The tables used to display outcome information to elicit women's preferences for frequency of mammography screening. Women received one of six random surveys which differed in the order in which information was presented. The risk tables were presented in a random order for each participant. Note. For the Very Low Risk and Low Risk tables, Every Year was a dominated choice. For the Medium Risk and High Risk tables Every 2 Years was a dominated choice. Dominated choices occur when two rows have the same chance of breast cancer death, but differ in the other outcomes.
Table Outcome Estimates
The warm-up table and 4 risk tables reflected plausible combinations of 2 relative risk levels 27 and 4 breast density categories, as defined by the fifth edition of the American College of Radiology Breast Imaging-Reporting and Data System (BI-RADS): 1) fatty density, 2) scattered density, 3) heterogeneously dense, and 4) extremely dense. The warm-up table had average risks for all women. 28 The high-risk table was the only one with above-average breast cancer risk, about twice that in the warm-up table. In each table, as screening frequency increased, expected deaths from breast cancer decreased, whereas expected false alarms and unnecessary treatment rates increased.

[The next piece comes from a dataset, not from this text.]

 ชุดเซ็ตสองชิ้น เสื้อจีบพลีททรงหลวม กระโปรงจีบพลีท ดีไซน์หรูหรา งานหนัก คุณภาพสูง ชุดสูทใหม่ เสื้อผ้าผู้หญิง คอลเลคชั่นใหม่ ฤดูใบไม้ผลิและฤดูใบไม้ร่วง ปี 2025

All estimates were for 10 y of mammography screening, starting at age 50 y. We used estimates from Kerlikowske et al. 29 for the chance of having at least 1 false alarm over a 10-y period. For the chance of unnecessary treatment for breast cancer, we multiplied the estimates of Trentham-Dietz et al. 27 for age 50 to 74 y by a factor of 0.3. We used a lower factor than the ratio of 10 y to 24 y because breast cancer diagnoses are less likely in the decade starting at 50 y. We calculated the chance of dying from breast cancer similarly, multiplying the Trentham-Dietz et al. 27 estimates by 0.3.
Other Measures
We measured numeracy with the 3-question psychometrically validated scale reported by Schwartz et al. 30 We included 1 question from the 8-item subjective numeracy scale developed by Fagerlin et al. 31 as a proxy for the full scale. The other measures were created for this study and hence not independently validated.
Analysis
We evaluated our proposed procedure in terms of its construct validity,22,23 asking how well responses follow predicted patterns. Construct validity evaluates procedures and predictions concurrently. Thus, failure to observe a predicted pattern could reflect a flawed procedure or a flawed prediction.

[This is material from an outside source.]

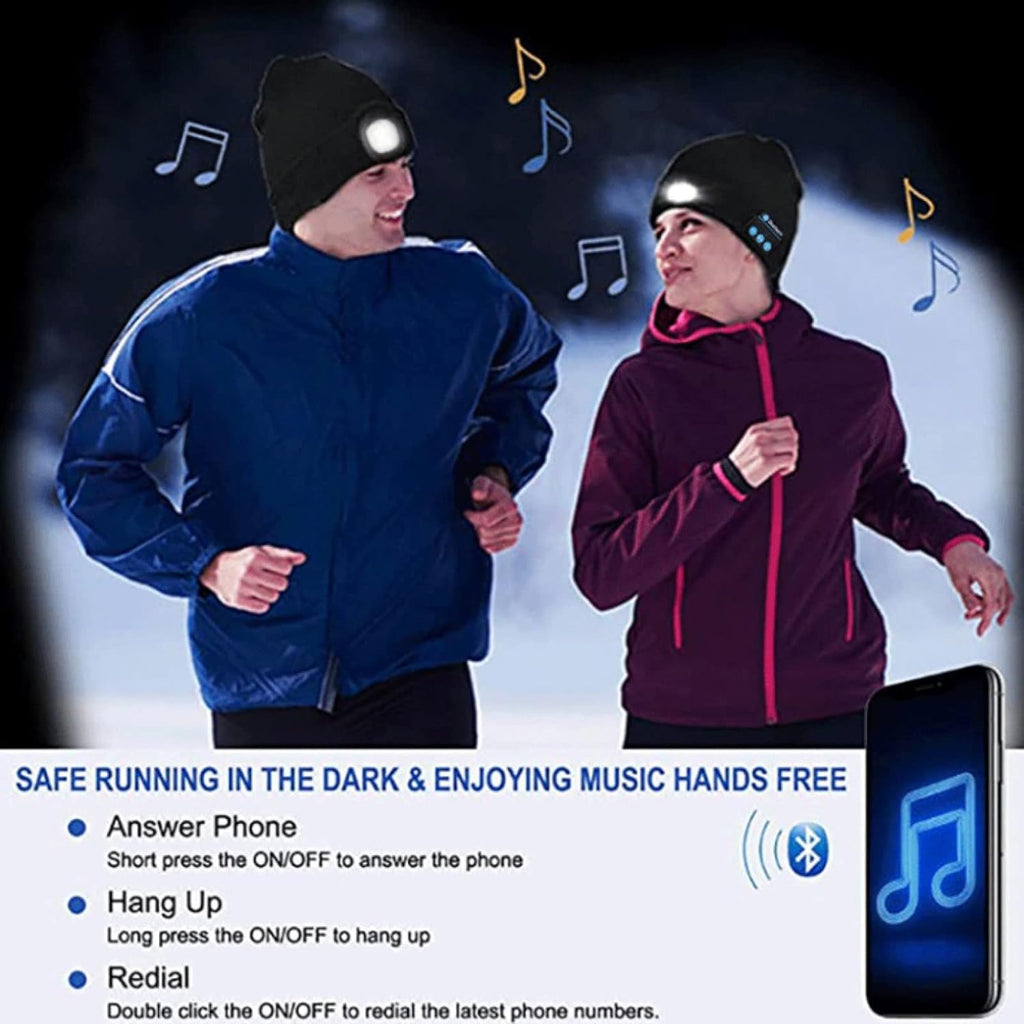 Unisex Bluetooth Beanie Hat with Light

Preregistered analysis of order effects
Our null hypothesis, affirming construct validity, was that women’s screening frequency preferences would be the same for all 6 orders of introducing the 3 outcomes. We used a 6-group Kruskal-Wallis test, with the conventional 0.05 significance level. We analyzed preferences for the warm-up table and each of the 4 risk tables separately. After analyzing the entire sample, we conducted secondary analyses excluding the 7 women whose completion time was 2 standard deviations less than the sample mean, as specified in our preregistration.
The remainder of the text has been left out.